Freeman stellt darin die These auf, dass das Platzen der US-Immobilienblase nicht der unmittelbare Auslöser der Weltfinanzkrise war, auch wenn er einräumt, dass die US-Immobilienblase dabei zweifellos eine Rolle spielte, ebenso wie das Problem der viel zu hohen amerikanischen Staatsverschuldung und eine Reihe anderer ungünstiger Faktoren. Stattdessen präsentiert Freeman eine sehr überzeugende Indizienkette, die darauf hindeutet, dass der große Finanzcrash vom September 2008 in Wirklichkeit das Resultat einer langfristig vorbereiteten Sabotage war, die mit großem organisatorischem Aufwand durchgeführt wurde. Er verwendet den Begriff  »financial terrorism«. Freeman beschreibt detailliert, wie im Jahr 2008 eine Abfolge sorgfältig koordinierter Angriffe auf die amerikanischen Finanzmärkte erfolgte, die beinahe den vollständigen Kollaps des westlichen Finanzsystems bewirkt hätten. Dabei wurden weltweit etwa 50 Billionen US-Dollar an Vermögenswerten vernichtet. Er spricht dezidiert von einem Akt wirtschaftlicher Kriegsführung (»economic warfare«).

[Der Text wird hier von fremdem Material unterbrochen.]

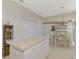 Kitchen with island, white cabinets, and pantry at 3413 Pennyroyal Rd, Port Charlotte, FL 33953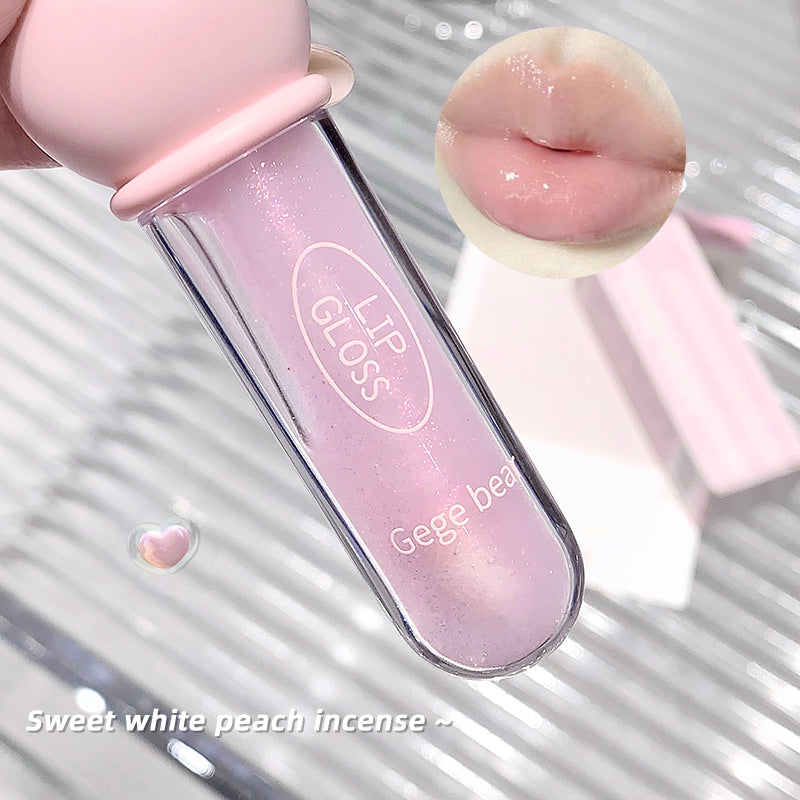 Pink lip gloss with 'Gege bear' branding on a reflective surface.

»Financial Terrorism« und »Economic Warfare«

Diese Begriffe mögen im Zusammenhang mit der Finanzkrise von 2008 zunächst fremdartig und ungewohnt erscheinen, schließlich setzt man üblicherweise voraus, dass alle Händler und Investoren an den Weltbörsen ausschließlich das Ziel verfolgen, Gewinne zu machen, wenn auch zuweilen unethisch und rücksichtslos, aber dass doch zumindest niemand ein vorsätzliches Interesse daran haben könnte, das komplette System zum Kollaps zu bringen. Doch Freeman beschreibt auf 287 Seiten selbst für Laien klar nachvollziehbar, welche Mittel und Methoden dabei in welcher Reihenfolge eingesetzt wurden, und er identifiziert sogar die Handelshäuser, über welche die Angriffe liefen. Vorbereitet wurde die Operation laut Freeman in ihrer ersten Phase durch einen über längere Zeit vorsätzlich nach oben getriebenen Ölpreis. Darauf folgten in der zweiten Phase verdächtige Marktmanipulationen, welche mehrere Banken, darunter Bear Stearns und Lehman Brothers, zu Fall brachten und er zeigt detailliert auf, welche Rolle dabei u.a. Credit Default Swaps, ungedeckte Leerverkäufe, Währungsmanipulationen, Staats-, Index- und Hedgefonds, sowie der automatisierte Computerhandel spielten.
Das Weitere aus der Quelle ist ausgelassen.